=== Extracted records ===

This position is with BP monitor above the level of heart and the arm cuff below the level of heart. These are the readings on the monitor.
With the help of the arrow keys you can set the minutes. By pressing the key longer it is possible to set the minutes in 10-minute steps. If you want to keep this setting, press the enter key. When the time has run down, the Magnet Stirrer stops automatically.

===
=== Extracted records ===

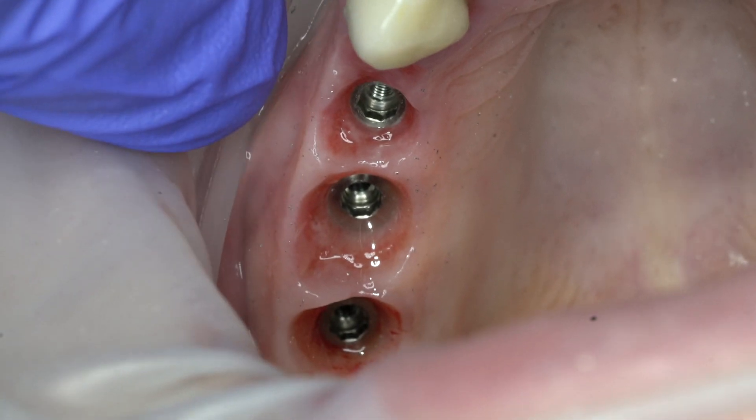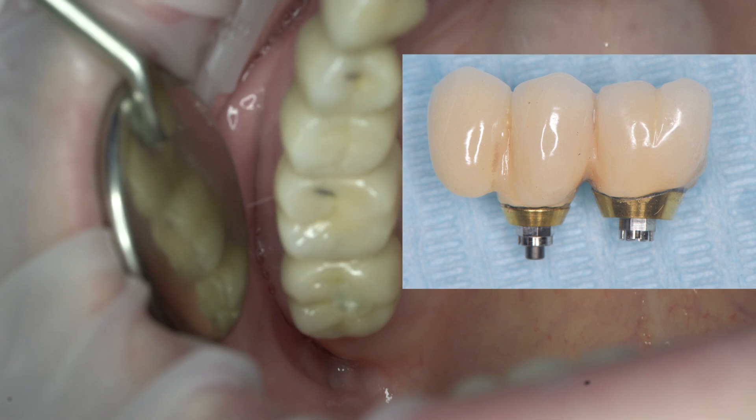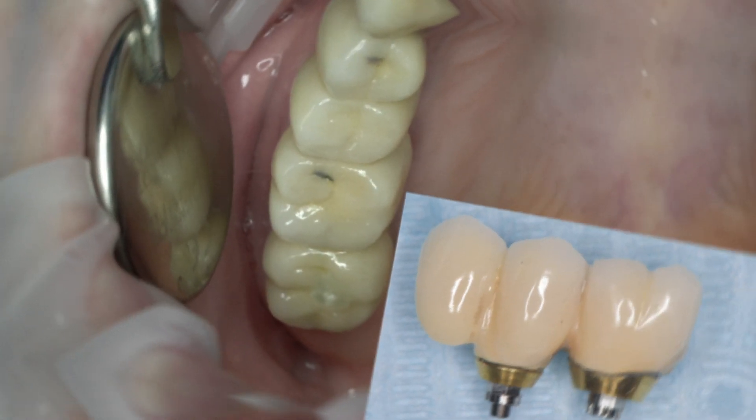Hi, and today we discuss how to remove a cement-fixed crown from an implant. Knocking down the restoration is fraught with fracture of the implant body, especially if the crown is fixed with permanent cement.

===

What needs to be done: Out of the data above, transcribe exactly and only the lines starting with the line that has "This position is" and going on through the line that has "With the help", both included.

Answer to the exercise:
This position is with BP monitor above the level of heart and the arm cuff below the level of heart. These are the readings on the monitor.
With the help of the arrow keys you can set the minutes. By pressing the key longer it is possible to set the minutes in 10-minute steps. If you want to keep this setting, press the enter key. When the time has run down, the Magnet Stirrer stops automatically.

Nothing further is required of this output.